--- START ---
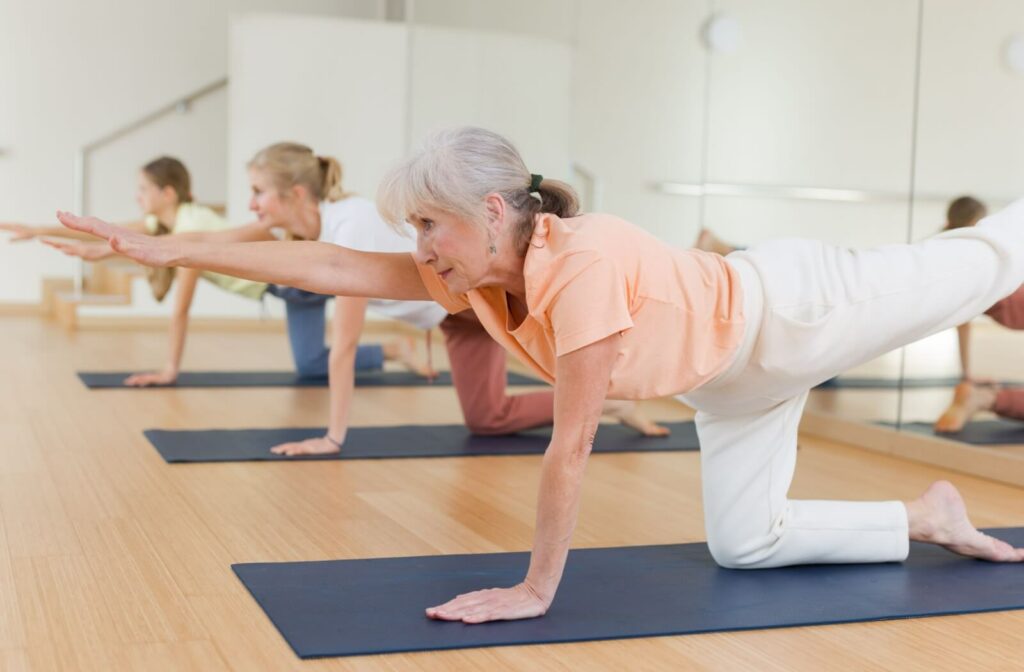 A group of seniors enjoying a yoga class at their senior living community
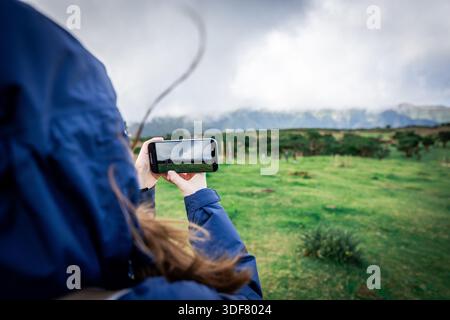Rückansicht einer Frau, die mit einem Smartphone eine grüne Landschaft filmt, Reise- und Content-Creation-Konzept mit Kopierraum. Stockfoto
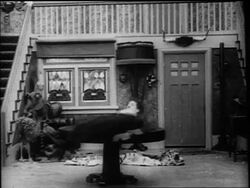 B/W 1916 Charlie Chaplin balancing on spinning table then losing balance + falling to floor Stock Footage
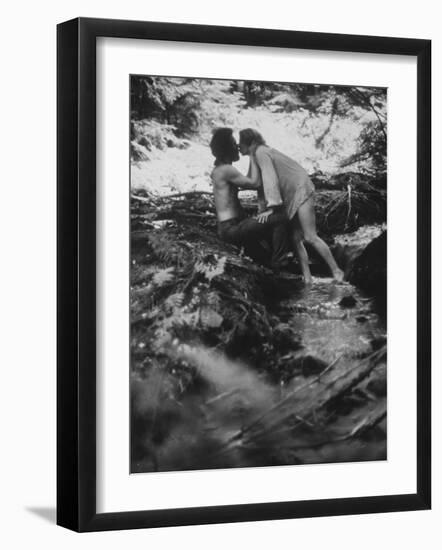 Hippie Couple Kissing at Woodstock Music Festival-Bill Eppridge-Framed Photographic Print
--- END ---
# PROBLEM REQUIREMENTS
Word-for-word transcript, pictures excluded: copy all the material above.

# YOUR SOLUTION
 A group of seniors enjoying a yoga class at their senior living community
Rückansicht einer Frau, die mit einem Smartphone eine grüne Landschaft filmt, Reise- und Content-Creation-Konzept mit Kopierraum. Stockfoto
 B/W 1916 Charlie Chaplin balancing on spinning table then losing balance + falling to floor Stock Footage
 Hippie Couple Kissing at Woodstock Music Festival-Bill Eppridge-Framed Photographic Print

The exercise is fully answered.